Prima la rievocazione di un giovane insegnante di filosofia dei suoi anni di liceo, della sua maturità, e della solidarietà di cui aveva memoria – e si trattava di solo una decina di anni fa, praticamente ieri; poi la “tempesta di merda” evocata da Bifo, in occasione di una sua recensione sulla destra alternativa americana – la Alt-Right – con il pressoché totale rovesciamento dell’antica egemonia (culturale e politica) della sinistra, in un rancoroso, cinico, sarcastico, oscuro pensiero (e umore) di destra che soffia sulle società occidentali, e che potrebbe portare a nuove forme di violenza, guerra e sopraffazione.

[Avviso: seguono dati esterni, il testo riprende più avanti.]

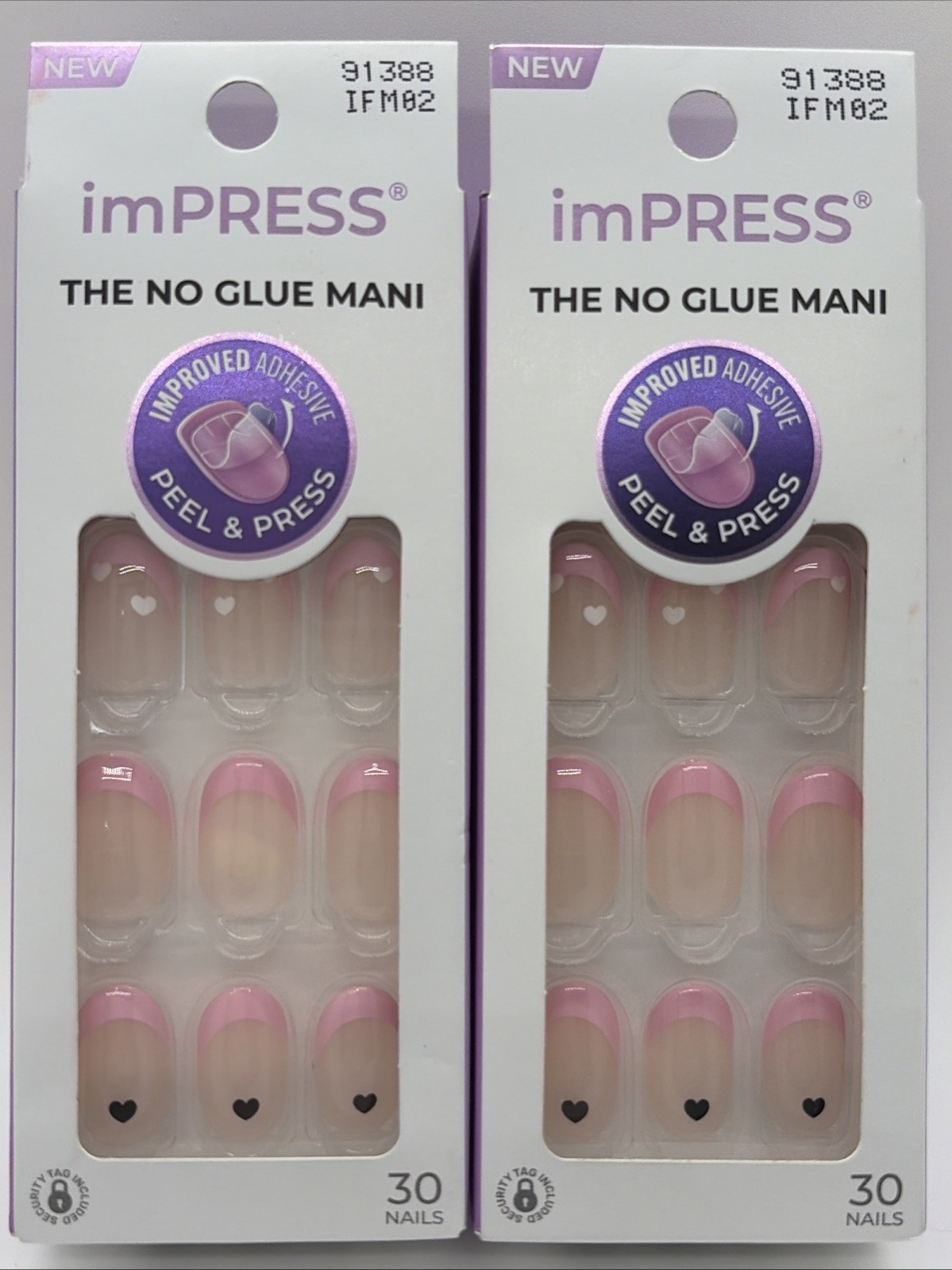 Kiss Impress Press On Nails Short Oval Lot Of 2 Sets “Ditto”. M2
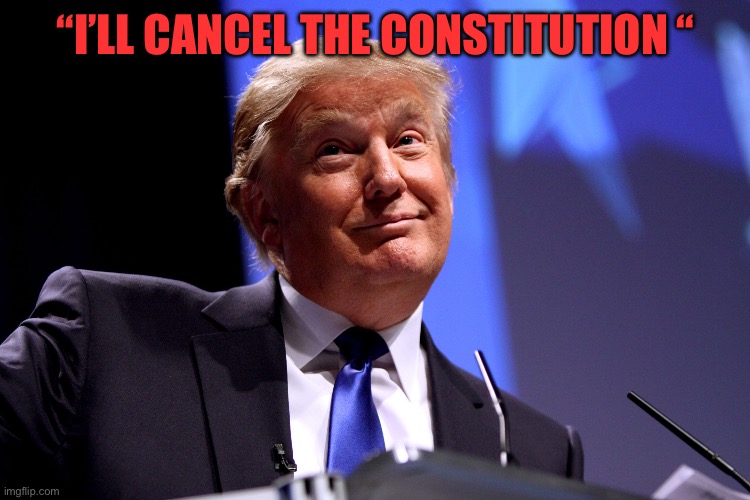 Donald Trump No2 | “I’LL CANCEL THE CONSTITUTION “ | image tagged in donald trump no2 | made w/ Imgflip meme maker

Queste due visioni, che evocavano tempi del passato in cui certo non regnava il migliore dei mondi possibili, ma vi era comunque un discorso pubblico, una mentalità, una visione critica delle cose che si era andata affermando con una certa autorevolezza, e che misuravano e registravano nel tempo social-internettiano – un battito di ciglia – una drastica trasformazione del mood (per usare l’espressione di Revelli) – queste due visioni, dicevo, mi hanno fatto venire in mente il clima socioculturale della mia giovanile formazione, all’incirca tra la metà degli anni ‘70 e i primi anni ‘80.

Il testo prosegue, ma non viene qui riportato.